Minimize ‘respondent’ burden 

Fortunately, if you’ve named and clarified purpose, are centering your respondents, and are working toward clear, easy to answer questions, you’re already well on your way to minimizing burden on those you’re asking questions of. But it’s worth giving this bit of guidance a little more attention too. 

In survey design, we consider the cognitive load of individual questions or an entire survey tool, and aim to make the survey response experience as engaging as possible. We make sure we don’t already have the information we seek (and we’re asking just to confirm something we already know), or that it isn’t already available elsewhere. These are very reasonable things to think about in any other inquiry scenario. How much are we really asking of people? How long will it take? How can we shift to more respectful, or reciprocal work, rather than purely extractive? 

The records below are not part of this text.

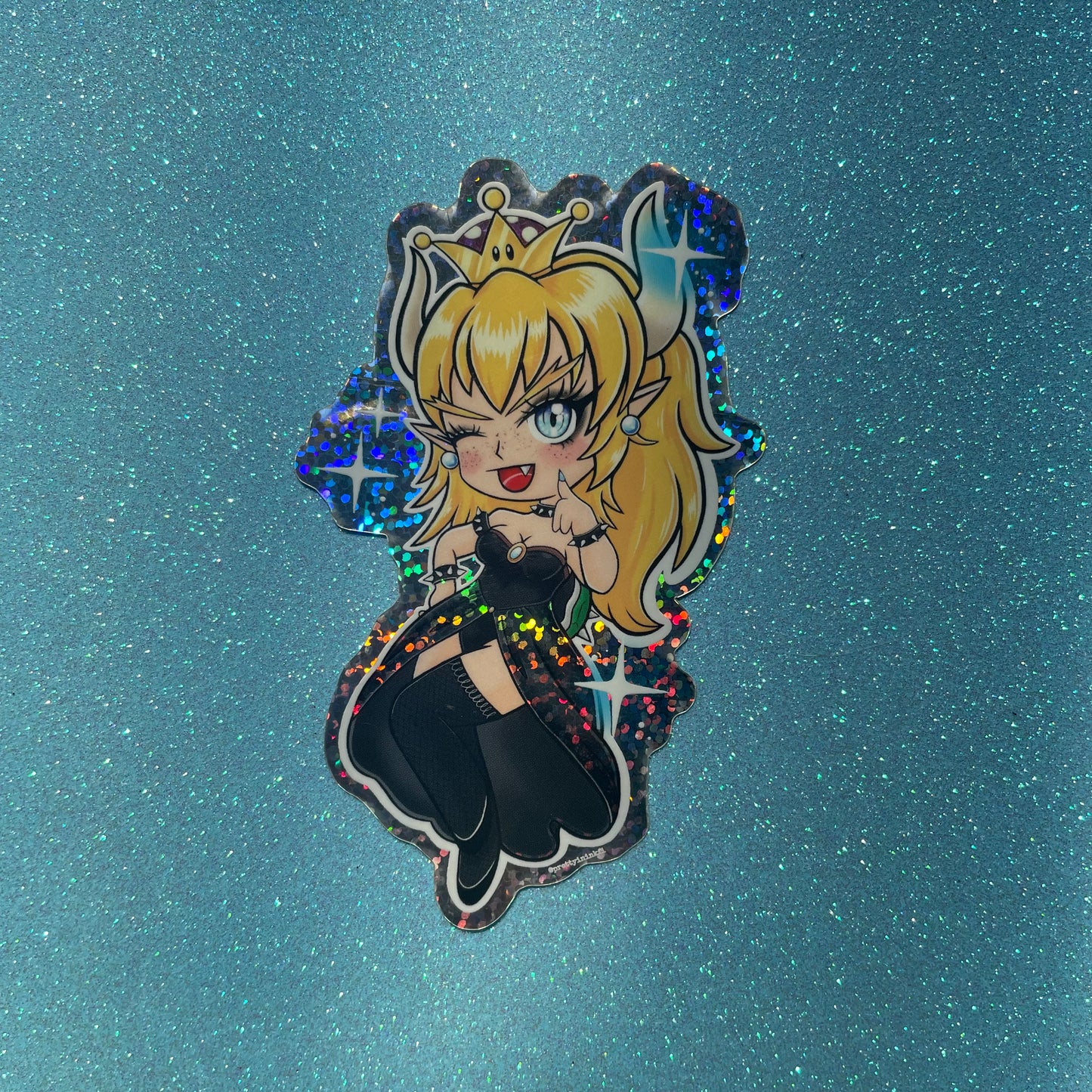 Bowsette (glittertarra)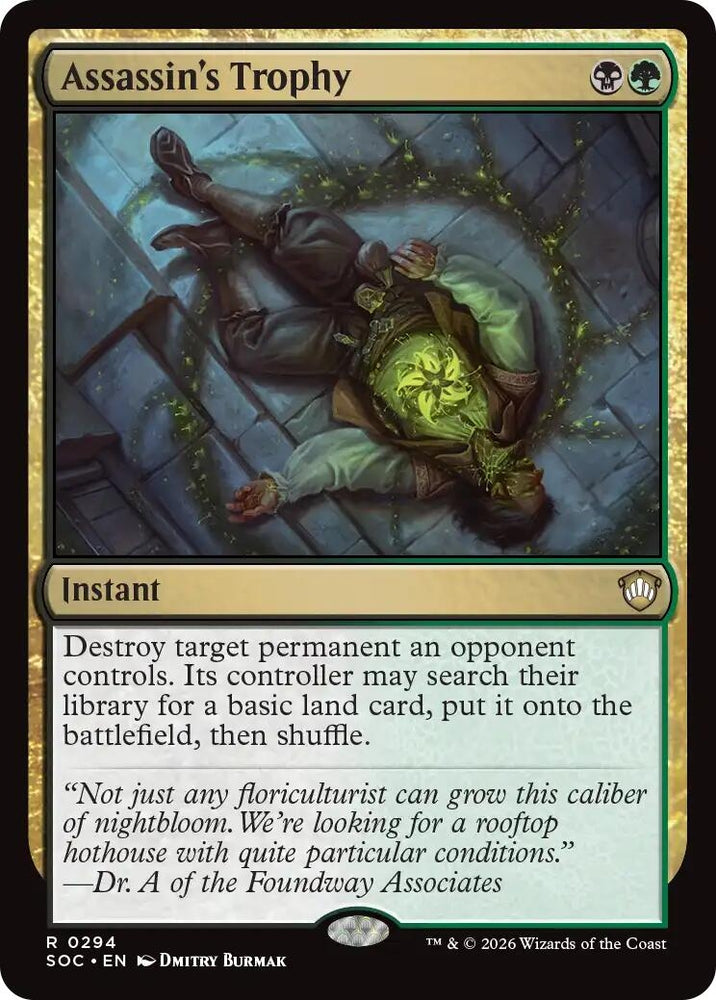 Image for Assassin's Trophy (294) [Secrets of Strixhaven] - Magic: The Gathering
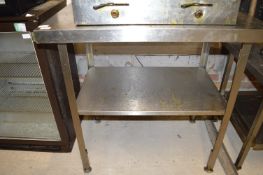 *Stainless Steel Preparation Table 90x60cm 90cm hi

Whether a survey or any other scenario where we are asking questions and expecting answers that are useful in return, we can and should compensate people for their time and wisdom. We can also ensure that ownership of the information stays with those who shared it in the first place by sharing data back and supporting use of that information for those who engaged with us (in the ways they determine and desire, not the ways we might impose). 

There is no “right” way to ask any given question 

You might notice that I’m not offering or promising a formula here. There is no “right” way to ask any given question, exactly. Because the language we need, the approach we take, the answer options that we offer (when appropriate), always depends on the context that we and our respondents, or participants or co-conspirators sit in.

In future posts I hope to continue this conversation, bridging more survey design advice to other scenarios and sharing more examples.